Terrore che ha, a sua volta ,seminato in gran copia, terrore che ancora, da vicino, vediamo rinascere in forme sempre uguali.
Insomma, in quel periodo la poesia di Mandel’ Ŝtan “assomiglia ad un atto suicida” così vien detto da Pasternak , ma è ben evidente che per Mandel’ Ŝtan il suicidio sarebbe stato anche TACERSI tanto profonda e vitale, essenziale quanto necessaria era per lui l’alterità , fonte di ispirazione.
Allora caro amico nelle visioni estreme che la poesia di Mandel’ Ŝtan ci mostra e nel suo stesso trascinarsi nell’inedia, quasi assiderato , declamando Dante e Petrarca, come hanno raccontato testimoni della sua fine, sento una delle chiavi di lettura sul tema de l’altro e di cosa può essere o no anche il suicidio o, come dici tu ,“Il suicida interrogante”.
Mandel’ Ŝtan considera l’opera di Dante uno strumento per leggere il futuro, ecco che mi pare anche questa una sorta di illuminazione e un modo di questo grande poeta di immaginare il proprio futuro ,al di là della realtà che lo circonda , il suo futuro che possiamo anche essere noi che lo leggiamo .
Le domande che ci poniamo e il dialogo che intrecciamo con gli ALTRI potrebbe essere quasi concretamente esteso a tutta l’umanità che riesce o è riuscita a esperirlo?
A questo punto anche l’enigmatico verso “ l’inacessibile, com’è vicino!… acquista nuova luce e mi pare rimandarci alle dimensioni della COMPRENSIBILITA’ quale dispositivo antropologico generativo e centrale per ogni cura , come chiaramente ci appare nella lezione e rilettura jaspersiana del grande psicopatologo che è stato Arnaldo Ballerini.
Riferimenti per la lettura:
Gaetano Fornaro “Il suicida come interrogante”POL.IT Psychiatry on line
Osip Mandel’Štan “Quaderni di Mosca” Giulio Einaudi Editore
Arnaldo Ballerini”Esperienze psicotiche: percorsi psicopatologici e di cura”Giovanni Fioriti Editore
“Ho provato, ho fallito. Non discutere. Fallisci ancora. Fallisci meglio”, così Beckett in Molloy (1951). La notissima citazione di Beckett mi viene in mente leggendo le tue riflessioni, cara Caterina. La passione che ho per i testi e la vita di Mandel’stam, così come per quella di Brodskji, (meno per il velo di opportunismo con cui ho sempre percepito Pasternak, anche nel suo pensiero riguardante Mandel’stam, che non ha aiutato quando avrebbe potuto), mi fanno pensare che dobbiamo andare fino in fondo.

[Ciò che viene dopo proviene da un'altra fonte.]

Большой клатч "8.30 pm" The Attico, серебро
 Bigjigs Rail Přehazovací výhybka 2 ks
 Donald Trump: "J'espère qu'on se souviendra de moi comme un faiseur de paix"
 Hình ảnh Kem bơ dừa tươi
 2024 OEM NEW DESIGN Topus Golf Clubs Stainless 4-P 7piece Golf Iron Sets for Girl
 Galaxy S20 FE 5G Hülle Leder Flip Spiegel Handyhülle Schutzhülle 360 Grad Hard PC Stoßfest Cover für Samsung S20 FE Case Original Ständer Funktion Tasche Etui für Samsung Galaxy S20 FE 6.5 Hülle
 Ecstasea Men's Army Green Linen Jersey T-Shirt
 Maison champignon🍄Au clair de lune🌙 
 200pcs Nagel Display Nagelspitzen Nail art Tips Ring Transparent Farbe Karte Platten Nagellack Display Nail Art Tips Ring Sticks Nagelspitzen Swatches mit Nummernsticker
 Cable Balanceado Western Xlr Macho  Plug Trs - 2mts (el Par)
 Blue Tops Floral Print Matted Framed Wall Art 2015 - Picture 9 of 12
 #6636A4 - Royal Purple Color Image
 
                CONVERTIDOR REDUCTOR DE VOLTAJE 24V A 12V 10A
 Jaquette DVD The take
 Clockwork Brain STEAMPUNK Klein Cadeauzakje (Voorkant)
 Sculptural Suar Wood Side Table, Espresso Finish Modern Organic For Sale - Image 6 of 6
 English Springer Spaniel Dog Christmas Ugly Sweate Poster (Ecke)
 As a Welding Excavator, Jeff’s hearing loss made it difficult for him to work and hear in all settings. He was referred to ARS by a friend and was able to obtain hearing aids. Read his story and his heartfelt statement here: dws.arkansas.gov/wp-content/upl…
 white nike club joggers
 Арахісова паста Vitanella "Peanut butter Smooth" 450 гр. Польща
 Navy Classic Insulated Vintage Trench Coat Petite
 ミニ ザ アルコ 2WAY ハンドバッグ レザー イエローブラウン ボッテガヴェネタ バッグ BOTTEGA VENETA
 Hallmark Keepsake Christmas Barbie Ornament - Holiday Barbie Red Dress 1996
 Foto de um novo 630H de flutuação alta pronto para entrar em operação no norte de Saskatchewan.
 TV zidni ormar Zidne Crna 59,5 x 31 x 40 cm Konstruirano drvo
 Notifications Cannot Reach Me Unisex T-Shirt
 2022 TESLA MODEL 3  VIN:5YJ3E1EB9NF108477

Un modo, seguendo la tua riflessione, è relativizzare alcuni estremi: libertà è ricerca e relazione, non conquista definitiva. Il 1789 ci ha consegnato un salto di civiltà ma non abbiamo portato avanti una ricerca come avremmo dovuto. Quella ricerca si può muovere efficacemente verso una direzione, non avendo una meta che pretenda di realizzarla una volta per tutte, la libertà. Il suicidio esige il silenzio, per quello che posso dire. C’è una via, allora? Anche la generatività della solitudine, o l’alveo generativo dei pochi che si parlano e cercano di comprendersi, possono essere una via sulla quale incamminarsi. Sto trascorrendo un certo tempo di questi giorni nello studio (lettura e rilettura) di un testo che non riesco ad allontanare da me, Prendere vita nella stanza d’analisi, di Thomas H. Ogden, pubblicato da Raffaello Cortina Editore. A pagina 70 Ogden scrive: “Il divario tra la soggettività del paziente e la mia non è un impedimento da superare; è uno spazio in cui la dialettica tra separazione e intimità può dare origine all’espressione creativa”. Per far emergere i nessi dobbiamo parlarci, continuare a parlarci e nel dialogo cercare. Il futuro è già qui, in mezzo a noi, e attende conversazioni e ricerche in grado di accoglierlo.
Cara Caterina,
mi permetto di ringraziarti per l’attenzione che hai voluto indirizzare al mio scritto e di farlo del pari qui, in modo pubblico, superando in questo caso la ritrosia che peraltro opportunamente deve limitare e temperare la spinta egologica.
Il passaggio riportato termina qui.